# Thread: Roots of Unity as a group

1. ## Roots of Unity as a group

Let $\displaystyle G=\{z\in\mathbb{Z}: \ z^n=1, \ n\in\mathbb{N}\}$.
Prove $\displaystyle (G,*)$ is an abelian group under multiplication.

This makes sense since the units $\displaystyle \mathbb{Z}_p$ are group under multiplication.

$\displaystyle 1+0\mathbf{i}$ is the identity.

How do I find the inverse?

2. ## Re: Roots of Unity as a group

Originally Posted by dwsmith
Let $\displaystyle G=\{z\in\mathbb{Z}: \ z^n=1, n\in\mathbb{N}\}$.
Prove $\displaystyle (G,*)$ is an abelian group under multiplication.
$\displaystyle 1+0\mathbf{i}$ is the identity.
How do I find the inverse?
Here is a hint:
$\displaystyle \exp \left( {\frac{{\pi i}}{5}} \right)$ is a $\displaystyle 10^{th}$ root of unity.

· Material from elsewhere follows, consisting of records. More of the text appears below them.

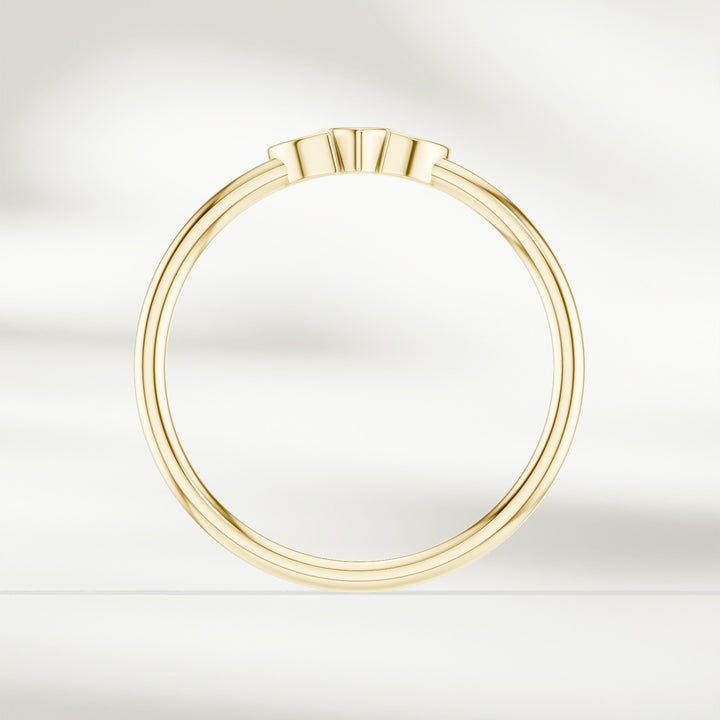 Side view of 9kt champagne gold marquise diamond cluster ring with slim band and raised petal-inspired setting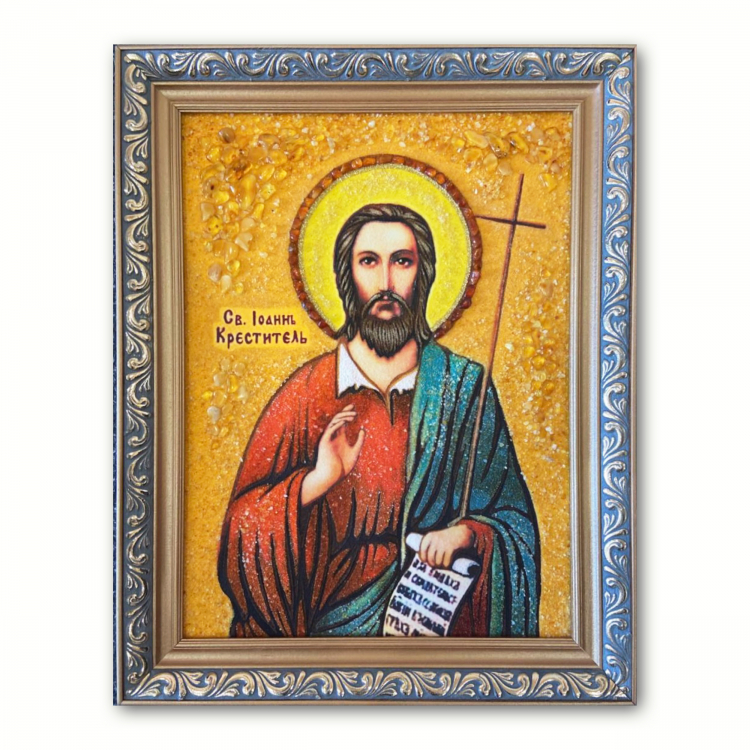 Ікона Іоанн Хреститель з бурштину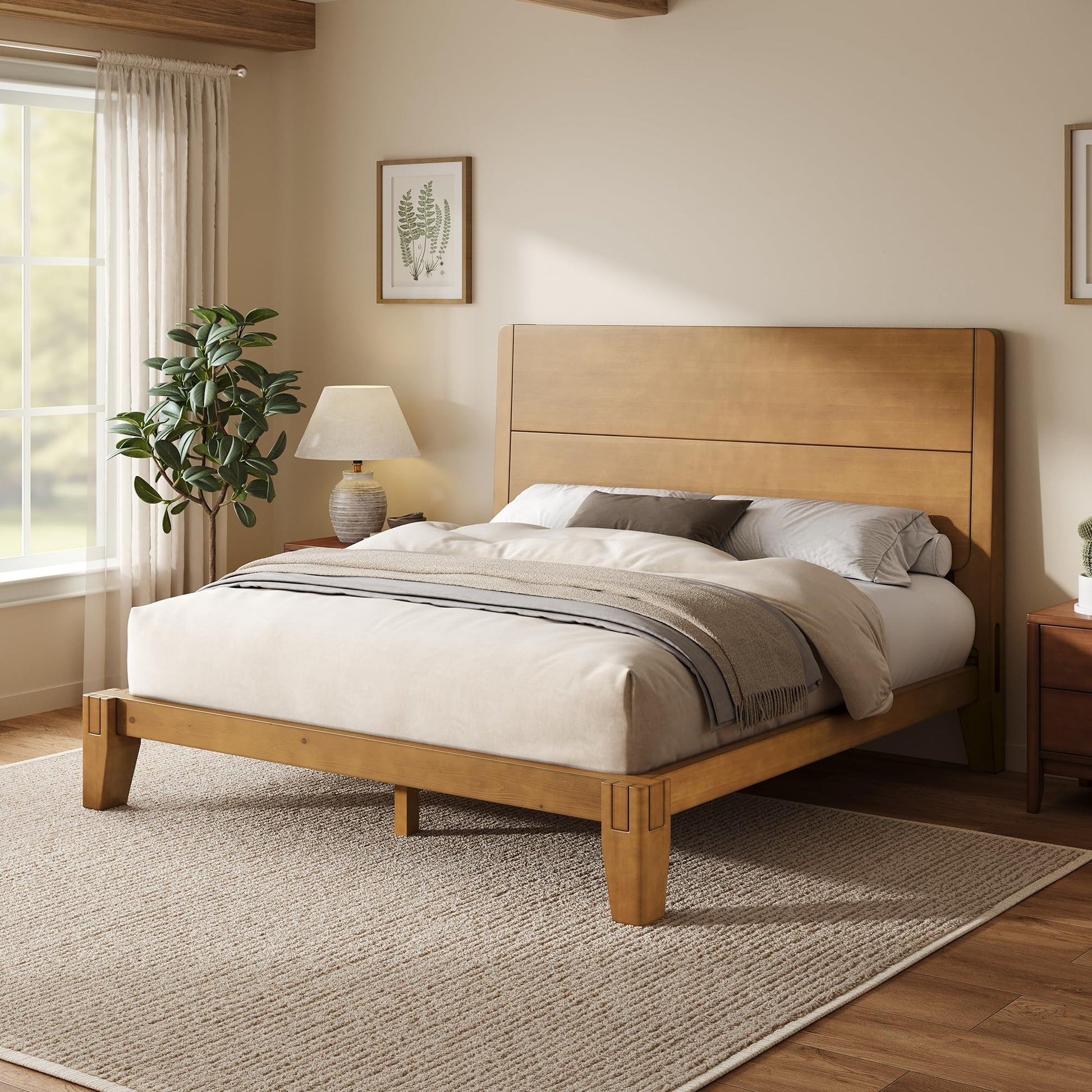 Japanese Joinery Solid Wood King Bed Frame-Full-Brown Walnut
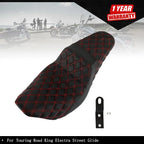 Step-Up Seat for Harley Touring Electra Glide Street (2008–2020) Red Lattice Stitch
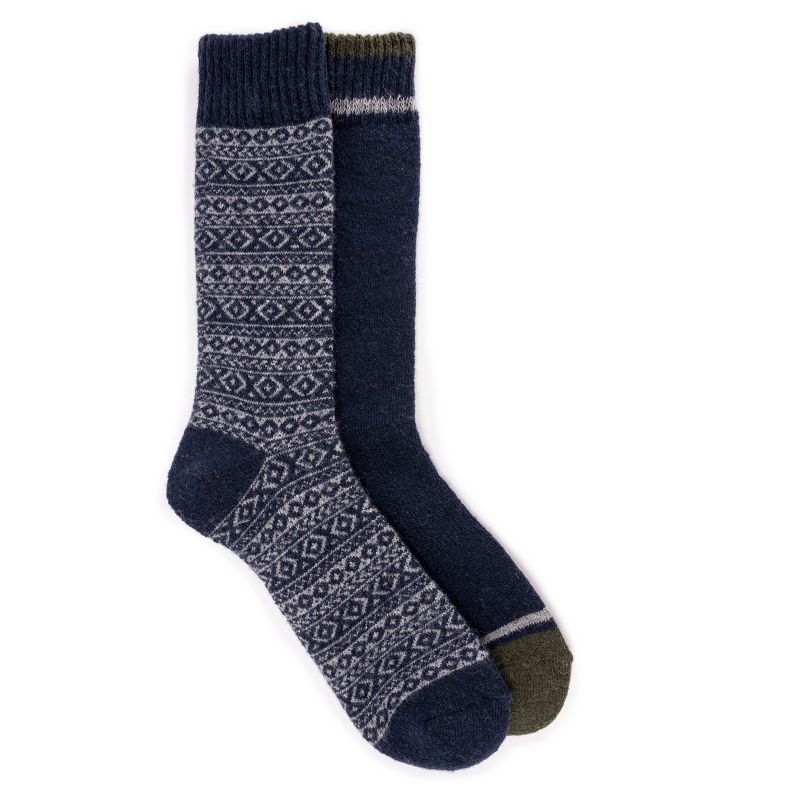 MUK LUKS Men's 2 Pair Pack Wool Socks, 1 of 4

$\displaystyle \exp \left( {\frac{{9\pi i}}{5}} \right)$ is its inverse.

3. ## Re: Roots of Unity as a group

Originally Posted by Plato
Here is a hint:
$\displaystyle \exp \left( {\frac{{\pi i}}{5}} \right)$ is a $\displaystyle 10^{th}$ root of unity.

$\displaystyle \exp \left( {\frac{{9\pi i}}{5}} \right)$ is its inverse.
So the inverse is
$\displaystyle \exp\left(\frac{2\pi i(n-k)}{n}\right)$

4. ## Re: Roots of Unity as a group

For associative and commutative, that is trivial true since $\displaystyle \mathbb{C}$ is a field, correct?

5. ## Re: Roots of Unity as a group

Originally Posted by dwsmith
For associative and commutative, that is trivial true since $\displaystyle \mathbb{C}$ is a field, correct?
Well it is a field after all!